Hacker News new | ask | show | jobs
by tastroder 2603 days ago
Glancing through the paper it seems like they use the recent Transformer model. Does whatever underlying stack they use expose something to share RNG seeds and the exact hardware optimizations your environment applies during training? Otherwise "publishing the seed" sounds nice but might not be as trivial as the phrase suggests.
5 comments

reproducibility should be something that's baked into an experiment's design.

so, if their experiment was designed such that reproduction is inherently difficult, they should have designed it in a better way, and they should've used a toolset that wouldn't run into that problem.

a non-reproducible experiment isn't necessarily completely without value, but it's a thing that everyone should look askance at till it proves its worth.

(apologies if my comments don't apply to this experiment and if it is reproducible -- i didn't have time to read through the OP, but i thought this reply was still a worthwhile response to its specific parent comment)

No that's absolutely a fair and true point, my comment was more pointed at the RNG aspect. I have not looked into this specific one either but normally people would hopefully not publish their best randomly achieved run if the system cannot reproduce it or similar results.

That being said the paper in question doesn't seem to reference open source code anyway so I guess my point was kind of moot, apologies.

For the most part, yes.

There are specific CUDA operations which are not guaranteed to be reproducible though, as well as some CuDNN operations which are non-determanistic without performance sacrifice, and this does cause real problems.

See https://pytorch.org/docs/stable/notes/randomness.html for some reasonable docs on this.

There are many CS conferences where you can/should submit a VM image to reproduce the results. See, e.g.: http://cavconference.org/2018/artifact-submission-and-evalua...
You want to be able to set the seed if only you want to be able to debug your program. Pseudo random is sufficient for these models and is independent of any hardware settings. You should not share your random source between concurrent threads, though, but that’s good practice anyway.
Most machine learning accelerators have a few non-deterministic operations. The chances that you could run trillions of floating point operations through a GPU and get a bit-for-bit identical result is low.
Really? I'm not an ML guy so in simple terms, what are these non-deterministic ops? Or are you saying GPUs can be expected to be, basically, faulty?
Both.

Some operations split and join data in non-deterministic ways (especially the order of operations, leading to different floating point rounding). If you shard across multiple machines, weight accumulation order will depend on network latency for example.

Also, GPU's aren't anywhere near as reliable as CPU's when it comes to being able to run for hours without any random bit flips/errors.

> ...split and join data in non-deterministic ways ... to different floating point rounding

Ah, of course! A very timely reminder, thanks!

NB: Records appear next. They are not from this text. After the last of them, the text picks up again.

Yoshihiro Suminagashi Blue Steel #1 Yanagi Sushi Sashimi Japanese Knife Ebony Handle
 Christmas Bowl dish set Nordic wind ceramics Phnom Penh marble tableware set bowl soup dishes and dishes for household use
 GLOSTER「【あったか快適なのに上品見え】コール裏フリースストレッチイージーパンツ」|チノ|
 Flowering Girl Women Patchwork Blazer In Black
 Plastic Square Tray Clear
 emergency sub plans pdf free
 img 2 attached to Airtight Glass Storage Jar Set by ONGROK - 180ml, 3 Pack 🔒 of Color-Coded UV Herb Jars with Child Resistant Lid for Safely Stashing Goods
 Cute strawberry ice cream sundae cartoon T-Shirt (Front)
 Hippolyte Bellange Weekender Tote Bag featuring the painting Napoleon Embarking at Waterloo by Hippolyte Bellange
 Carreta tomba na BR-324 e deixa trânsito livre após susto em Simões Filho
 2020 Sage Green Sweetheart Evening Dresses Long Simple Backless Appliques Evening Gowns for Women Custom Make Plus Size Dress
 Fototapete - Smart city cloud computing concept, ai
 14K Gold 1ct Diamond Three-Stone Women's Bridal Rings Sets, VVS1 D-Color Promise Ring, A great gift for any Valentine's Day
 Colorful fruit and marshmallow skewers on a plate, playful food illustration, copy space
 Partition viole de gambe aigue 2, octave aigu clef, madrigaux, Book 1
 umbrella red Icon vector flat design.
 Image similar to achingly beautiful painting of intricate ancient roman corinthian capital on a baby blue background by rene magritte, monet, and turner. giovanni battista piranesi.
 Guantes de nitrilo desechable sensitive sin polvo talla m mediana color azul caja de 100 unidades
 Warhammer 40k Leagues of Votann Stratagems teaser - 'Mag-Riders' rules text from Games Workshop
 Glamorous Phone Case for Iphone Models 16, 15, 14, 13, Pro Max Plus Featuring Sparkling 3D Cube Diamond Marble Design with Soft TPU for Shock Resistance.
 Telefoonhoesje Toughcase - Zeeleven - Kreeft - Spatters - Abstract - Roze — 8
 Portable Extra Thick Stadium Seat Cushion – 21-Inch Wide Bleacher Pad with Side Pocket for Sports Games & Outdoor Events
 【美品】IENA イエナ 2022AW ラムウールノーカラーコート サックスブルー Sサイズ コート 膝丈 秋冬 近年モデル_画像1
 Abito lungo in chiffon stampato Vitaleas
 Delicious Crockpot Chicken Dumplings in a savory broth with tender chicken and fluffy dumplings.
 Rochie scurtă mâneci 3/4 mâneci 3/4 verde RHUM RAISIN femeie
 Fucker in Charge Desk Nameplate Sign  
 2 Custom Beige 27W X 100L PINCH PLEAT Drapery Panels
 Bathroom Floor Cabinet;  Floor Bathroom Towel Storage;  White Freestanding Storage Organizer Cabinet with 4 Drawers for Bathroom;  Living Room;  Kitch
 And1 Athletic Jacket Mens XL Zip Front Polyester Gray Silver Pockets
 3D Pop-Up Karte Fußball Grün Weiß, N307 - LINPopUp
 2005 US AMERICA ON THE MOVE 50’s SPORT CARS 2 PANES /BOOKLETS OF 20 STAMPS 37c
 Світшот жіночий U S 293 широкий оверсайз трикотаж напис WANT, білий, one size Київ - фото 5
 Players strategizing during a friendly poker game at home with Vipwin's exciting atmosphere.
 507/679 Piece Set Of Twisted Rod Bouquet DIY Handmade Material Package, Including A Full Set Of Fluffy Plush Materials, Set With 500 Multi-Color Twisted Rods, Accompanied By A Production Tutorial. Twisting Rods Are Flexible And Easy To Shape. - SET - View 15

> GPU's aren't anywhere near as reliable as CPU's when it comes to being able to run for hours without any random bit flips/errors.

Now that's worrying. A bit flip can't be expected to be skewed towards any particular bit within a float, so it could easily happen in the exponent, skewing a single value by orders of magnitude one way or the other. Combine that with the rest of your 'good' results and yuck. That's very concerning. Thanks for the warning.

> A bit flip can't be expected to be skewed towards any particular bit within a float,

Actually, I think they are - for example, the exponent path through an adder/multiplier is typically shorter, so when operated close to clock speed limits, the exponent is more likley to be correct.

(I've not actually verified the above on real hardware)